Five types of employees that are putting your business at risk

By Rob Le Busque, Managing Director for Australia, New Zealand, and India at Verizon Enterprise Solutions

When one thinks of a breach, there’s a cliché image of a mysterious hacker wearing a hooded sweatshirt trying to infiltrate a company’s online defences. This image is often mirrored by the way in which most companies treat the threat of cybercrime – that it often stems from outside the organisation.  According to the Office of the Australian Information Commissioner (OAIC), human error was the second largest source of total data breaches during the last calendar quarter of 2018. 

In fact, employees and partners a.k.a insiders can do just as much damage from within a company. Whether from malice or negligence, the results can be equally devastating. In fact, insiders have advantages over external actors seeking to circumvent security: insiders often enjoy trust and privileges, as well as knowledge of organisational policies, processes and procedures. They know when logging, monitoring, and auditing are used to detect anomalous events and behaviour, which can make it difficult for organisations to distinguish between legitimate and malicious activities.

There are five distinct types of insider threats that organisations need to look out for:

1. The careless worker

The careless worker is one of the more difficult threat actors to defend against. This is mainly because their actions are the result of a mistake, unknowingly misusing assets and credentials, or mishandling data. Other common scenarios include Shadow IT, when staff install or introduce unauthorised applications or devices to a company’s network without the knowledge of IT or management. They are also often victim of phishing attacks via email or clicking through to bogus websites.

Specific actions included sending personal information to the wrong recipient via email and unintentionally releasing or publicising of personal information. Failure to securely dispose records of personal information was also recorded.

2.The inside agent

Inside agents typically work on behalf of an external threat actor and secretly steal information for them. They are commonly recruited, solicited or bribed by external parties to exfiltrate data, particularly when there are feelings of retribution towards the organisation coupled with financial strain. The malicious behaviour of inside agents can be difficult to detect when they hide their true intentions, and their actions can be mistaken as legitimate activities. For instance, when they plug a USB flash drive into a computer it has the potential to allow unauthorised programs to run and circumvent many security controls. 

3.The disgruntled employee

Disgruntled employees aren’t just angry. They’re potentially dangerous, even if they don’t resort to physical violence. Some may turn to cybercrime, including stealing information, destroying property, systems or data and disrupting business operations. Such incidents may arise when details about upcoming redundancies may be leaked, leaving the opportunity for affected employees to use their existing administrative access to download confidential company files that they may choose to distribute or as a bargaining chip for their next role.

4.The malicious insider

Often difficult to detect as they hide their true feelings, these actors have access to corporate assets and endpoints systems, servers, networks, and organisation domains. They use these existing privileges to steal corporate information for personal gain. Typically, a malicious insider act on their own and can be a current or former employee, contractor or business partner. They may also steal co-workers’ credentials to gain unauthorised access to an organisation’s network, system or data.

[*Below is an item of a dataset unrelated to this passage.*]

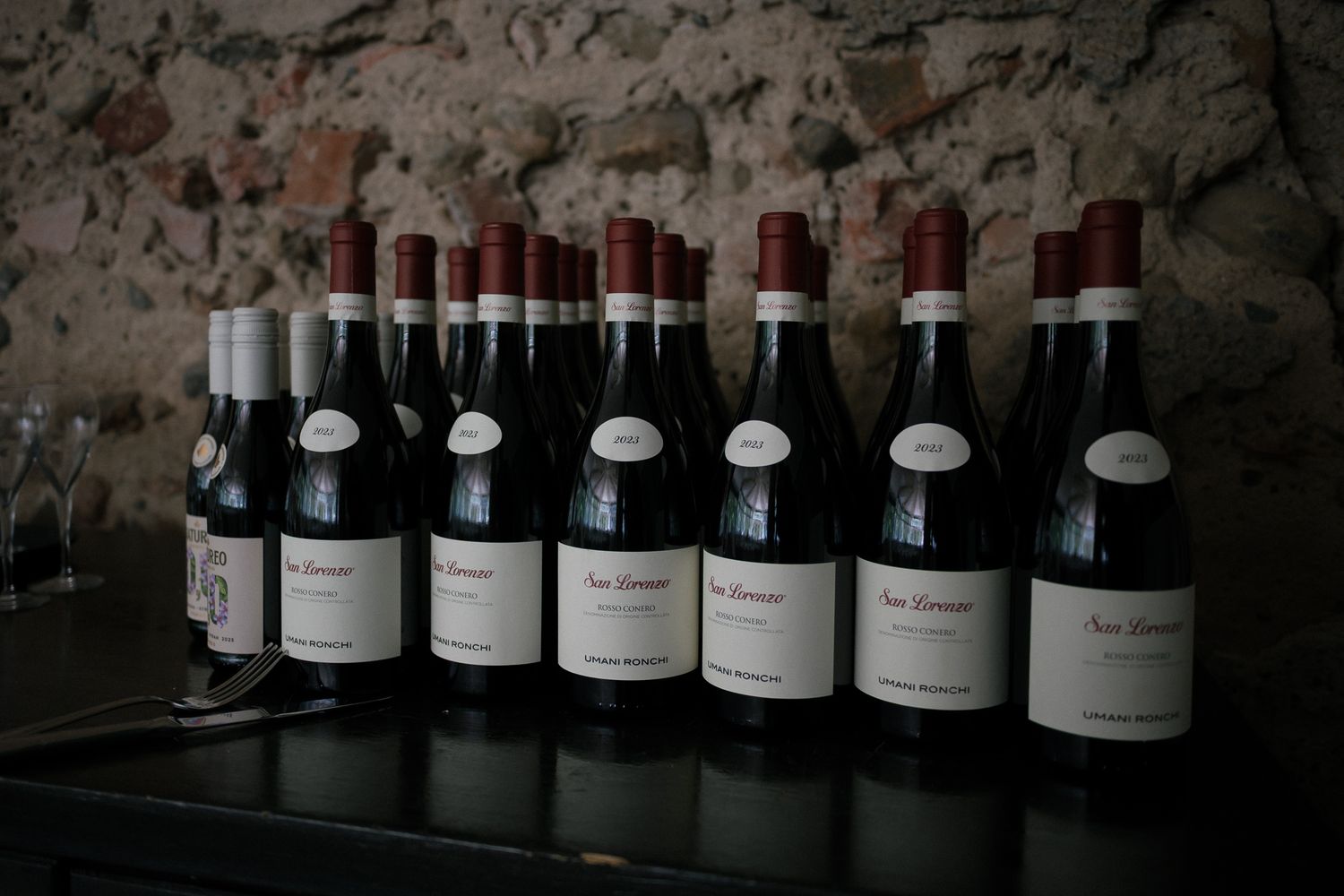 Rows of red wine bottles with white labels displayed on a dark shelf in a rustic stone cellar.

These attackers made up 12 per cent of total malicious attacks recorded during the last calendar quarter of 2018 by the OAIC’s Notifiable Data Breaches Quarterly Report. They were most prominent in the healthcare and finance sectors.

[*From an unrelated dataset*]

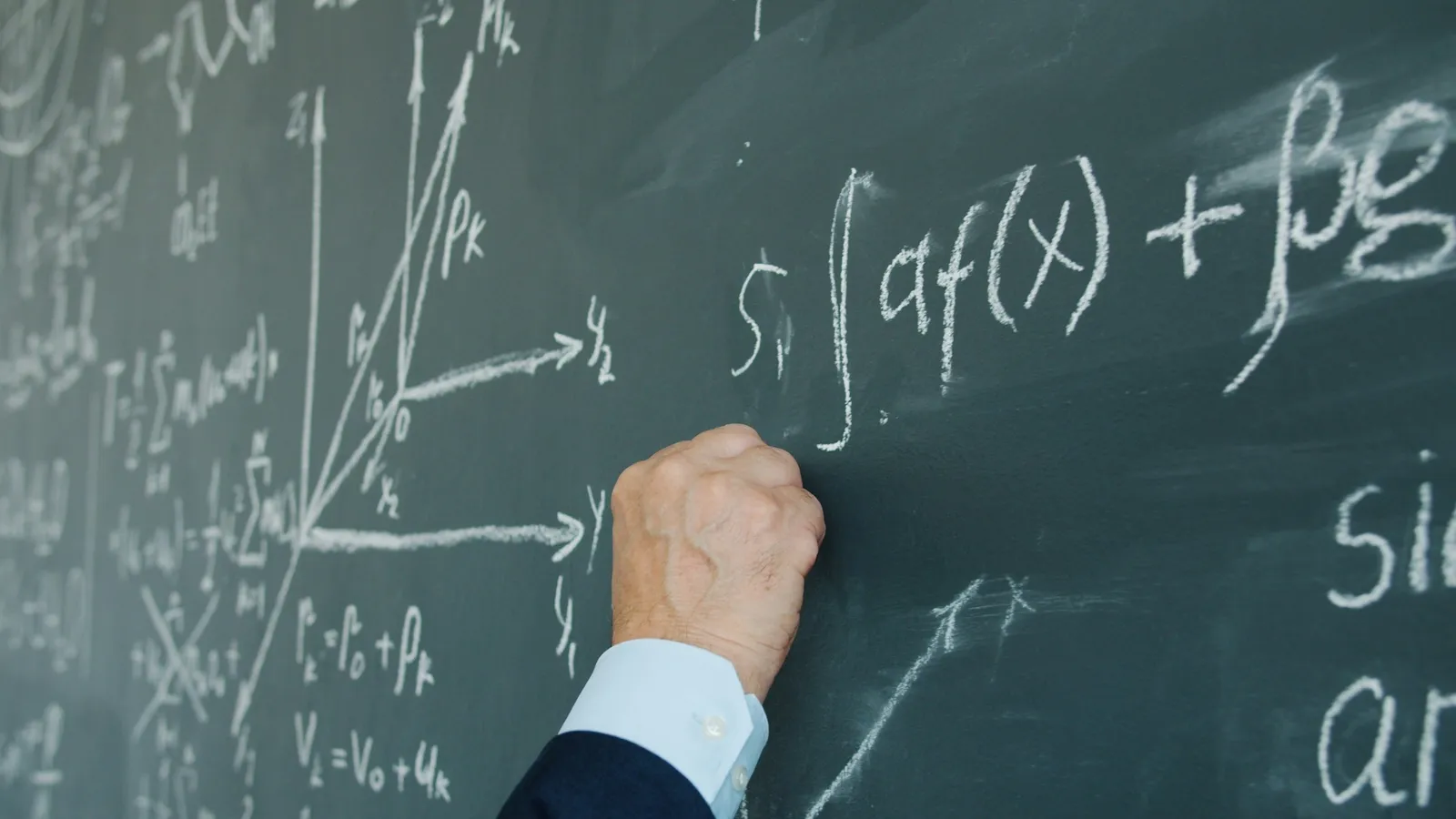 A hand writing an integral on a chalkboard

5.The feckless third-party

The feckless third-party is a threat actor with inside access, who through negligence, misuse or malicious intent compromises organisational security. An example of when these threat actors may attack could be through data exfiltration by redirecting an organisation’s network traffic to an unknown, offshore IP address. Attacks like these can be difficult to detect unless organisations monitor their system behaviour to understand what “normal” should look like.

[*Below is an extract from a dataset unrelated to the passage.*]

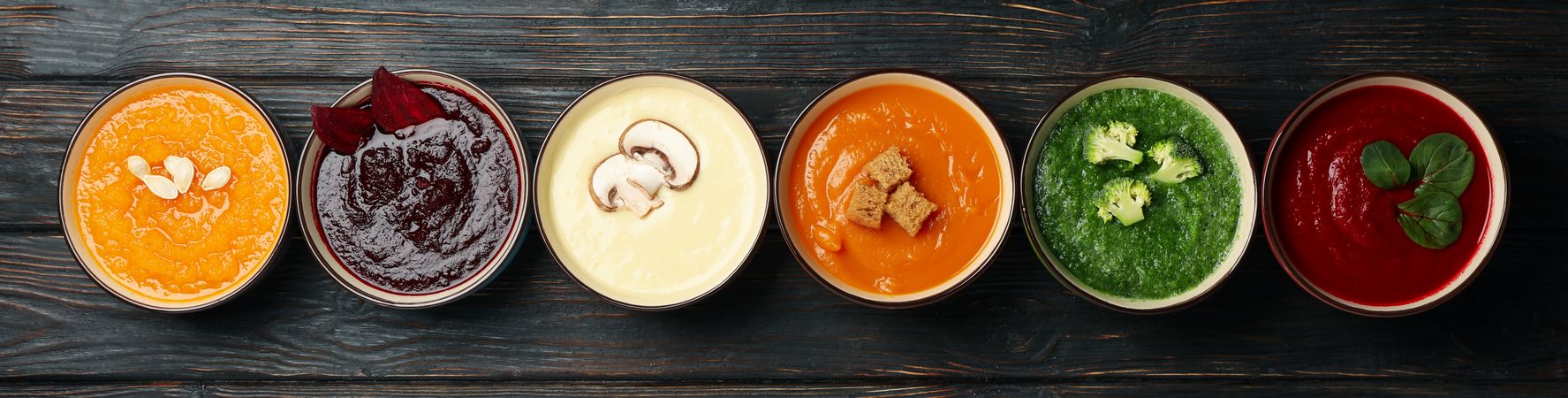 Wide banner of a row of multi-colored soups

Employees are the first line of defence when organisations try to combat many incidents, including inside threats. Regular security awareness training for new employees, seasoned workers, management and part-time employees that reinforces what is and what isn’t acceptable behaviour is critical – and it should start as part of an employee’s onboarding during their first day.

Training should cover security policies and procedures, what is acceptable user behaviour, how to spot potential security threats, and what the consequences are for unauthorised or malicious activity. Training should have full management support, and attendance or completion of these training sessions are a must.

It’s also good practice for organisations to control and restrict data access to sensitive company information on a need-to-know basis and have systems in place to monitor a baseline of system behaviour to understand what normal and abnormal behaviour looks like. Adopting an IT management process that can vet hardware supply chains including original equipment manufacturers can also help reduce potential risk from threat actors.